Saturday, May 9, 2009

Comments on the Diamondbacks

Some interesting, and troubling, developments with my beloved Diamondbacks over the past couple days. While the firing of manager Bob Melvin was sadly not unexpected, the heavy-handed way it was handled is reminiscent of the disgusting way the current management regime got rid of a classy man like former owner Jerry Colangelo. (I'm beginning to seriously dislike these people.)

Columnist Dan Bickley of the Arizona Republic had some interesting things to say in his column in this morning's paper. He suggested that GM Josh Byrnes was hinting around during his press conference yesterday that Bob Melvin "created a bad vibe, a negative energy in the room." Huh? Bob Melvin has to be one of the nicest guys not just in baseball, but in all of sports. I cannot envision him creating a "bad vibe" or "negative energy." If anything, perhaps "Bo-Mel" is TOO nice, not capable of kicking some butts the way a manager sometimes needs to do. If anything, he doesn't have a high enough intensity level to put the fear of God into some of his underperforming players. If that's "creating a bad vibe and negative energy," I just don't see it.

And the pretty much unrefuted allegation that Josh Byrnes is controlling the line-up, basically doing the managing instead of the manager. Ok, Mr. Byrnes, if you're the one who is dictating what the line-up should be, then YOU stink as a manager, because the line-up you're forcing the manager to put out there everyday is LOSING every day. Maybe you should fire YOURSELF and let your on-field manager do his thing without any interference from YOU? Or appoint yourself the on-field manager so you can put whatever lineup you please out there every day and see how YOU do.

And they told Bob Melvin a couple days ago that they planned to make a managerial change?

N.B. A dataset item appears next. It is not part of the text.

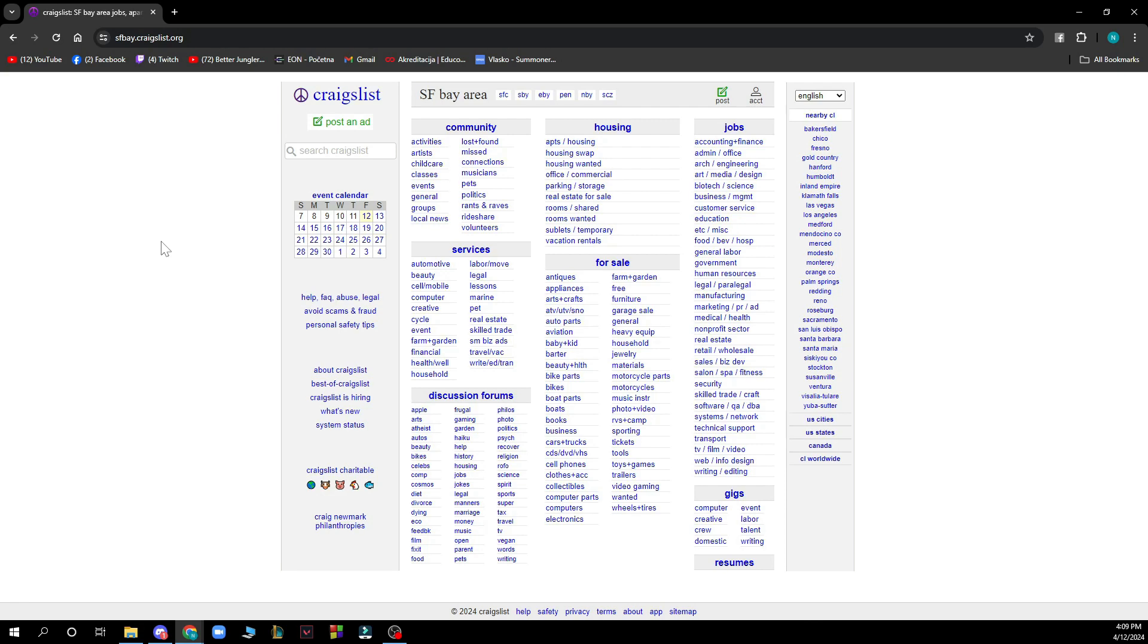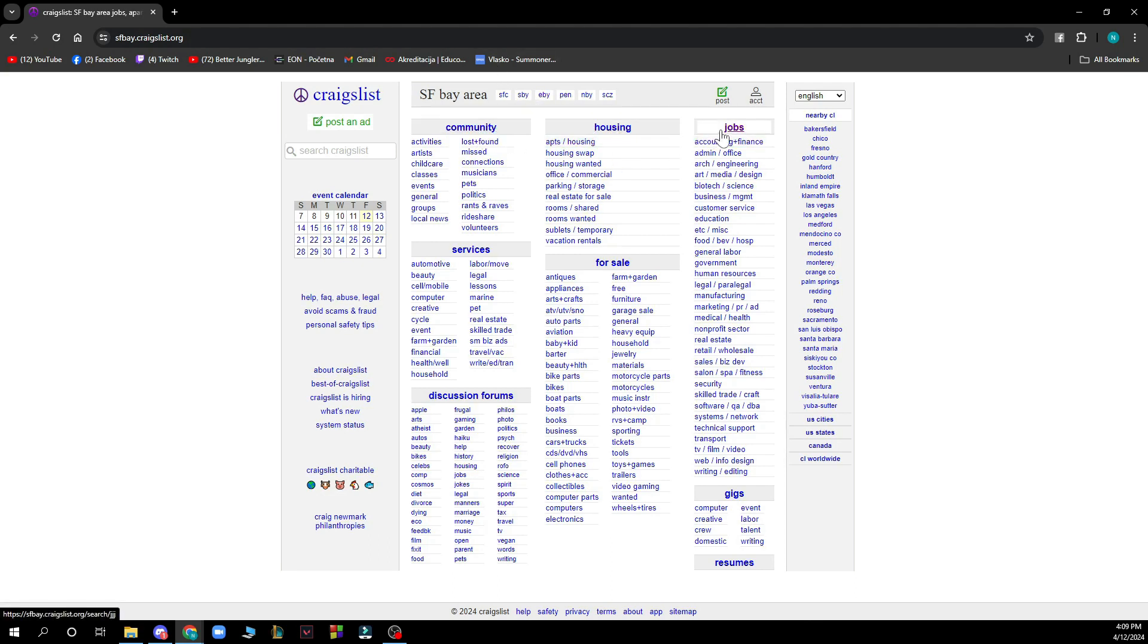Now that we got that out of the way, let's see what we actually have in front of us. As you can see, we have the Craigslist official website where we have a lot of different options. First of all, we have the sections you can browse: community, housing, jobs, services, for sale, discussion forums, gigs, and resumes.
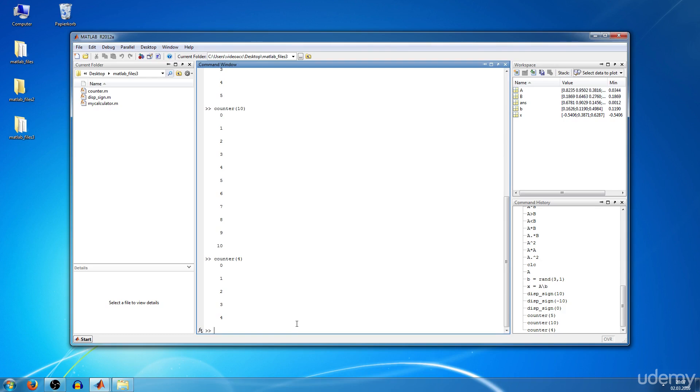Let's say we want to have the output assigned to two variables, so number one and number two.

See, this is where Bob is too nice. Had they told ME that they were planning to make a managerial change, and my job was now lame-duck status, I'd have said, "I'm sorry, you can't fire me, I quit," and I'd have resigned immediately. And I'd have been perfectly frank with the media and said, "Yes, I quit because they were planning to fire me anyway, and they told me so. Why should I stay for even a couple more games under those circumstances? If they have egg on their faces now, I didn't put it there."

I think everyone feels (outside of the D-backs front office) that the best choice to replace Melvin would have been bench coach Kirk Gibson. He could bring a fire and an intensity to the players that very few others could. Instead, he's still the bench coach.

And A.J. Hinch's comments in the post-game press conference (following another loss) were pathetic if not downright laughable. "I was proud of the guys for battling back and kind of answering the bell..." KIND OF answering the bell?????? You either answer the bell or you don't! There is no "kind of!" (Yoda from "Star Wars" would say, "There is no 'try,' there is only 'do.'") KIND OF? You're the new manager, sir; they are supposed to ANSWER the bell for you, not just "kind of "answer the bell!

"We came up a run short, which was unfortunate." Um, no. It wasn't "unfortunate." It was UNACCEPTABLE. You are hired to WIN. If your reaction to yet another loss, and the first under your guidance, is that it was "unfortunate," I wonder if you have the fire in the belly necessary to be a manager.

It will be interesting to see what transpires over the next few months. I'm not overly optimistic. Sigh.